C. External Common Areas

[137]   Although the parties do not agree on the Appellant’s use of the External Common Areas for the purpose of making supplies, they do agree on the size of the External Common Areas and on the fact that they are comprised of green space, roadways, walkways, and landscaped areas.[73]

[138]   The Appellant’s Final Methodology assumes that the Appellant used both the Internal Common Areas and the External Common Areas indirectly to make both taxable and exempt supplies.[74] 

[139]   During his testimony, Mr. Klaiber, using maps, explained to the Court the various uses of the External Common Areas. He explained that the primary purpose of the External Common Areas is to support the activities that occur within the structures located on the U of C Properties.[75]

[140]   He explained that the walkways and roadways are used for access to the campus and to move throughout the campus. The walkways are used for access to all of the buildings on campus and various outdoor spaces, such as playing fields and parking lots. For example, he noted that the walkways are used to move people from the City of Calgary’s LRT station, which is located adjacent to the campus, to the various buildings on campus, to move people from various bus stops located on campus to the various buildings located on campus and to simply move people between buildings.

[141]   Buses, commercial vehicles, and cars use the roadways.

[142]   He described the system of roadways, walkways and pathways as transportation corridors to not only give people access to the various buildings and playing fields but also to allow the transportation of goods that are brought in from outside campus and distributed throughout the campus.[76]

[143]   He explained how the External Common Areas have underground tunnels that are used to connect all the buildings for heating and cooling purposes, and he further explained that some telecommunications equipment runs through those tunnels.[77]

[144]   He explained how people used the landscaped area on the campus as a place to relax and as a meeting place. It also enhanced the look and feel of the campus.

[145]   Although this is not noted in the PASF I, the External Common Areas also included some playing fields. Mr. Klaiber testified that various playing fields were used by sports teams and students and were rented to third parties.

[146]   The Appellant argues that this evidence clearly shows that the External Common Areas supported all of the activities that occurred on the U of C Properties. I agree with the Appellant.

[147]   The Respondent did not present any evidence to contradict Mr. Klaiber’s testimony. In fact, there is no evidence before me that the Appellant acquired the portion of the U of C Properties that comprises the External Common Areas for use outside of its business.
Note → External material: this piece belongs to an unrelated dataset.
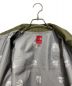 中古・古着 SUPREME (シュプリーム) THE NORTH FACE (ザ ノース フェイス) TAPE SEAM COACHES JACKET グリーン サイズ:Ⅿ：30800円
The evidence before me is that the External Common Areas were an essential part of the three campuses in that they facilitated the making of supplies on the campuses.

[148]   In summary, I have found, on the evidence before me, that the ultimate purpose of the various activities that occurred on the External Common Areas was to generate revenue from the Appellant’s business. In other words, the Appellant’s purpose when acquiring the External Common Areas on February 1, 2006 was no different than its purpose when acquiring, at the same time, the remaining portions of the U of C Properties: to use them for the purpose of making both taxable and exempt supplies.

[149]   It is not possible or practical to determine the extent to which the Appellant used a specific portion of the Internal Common Areas or the External Common Areas directly in the making of taxable or exempt supplies.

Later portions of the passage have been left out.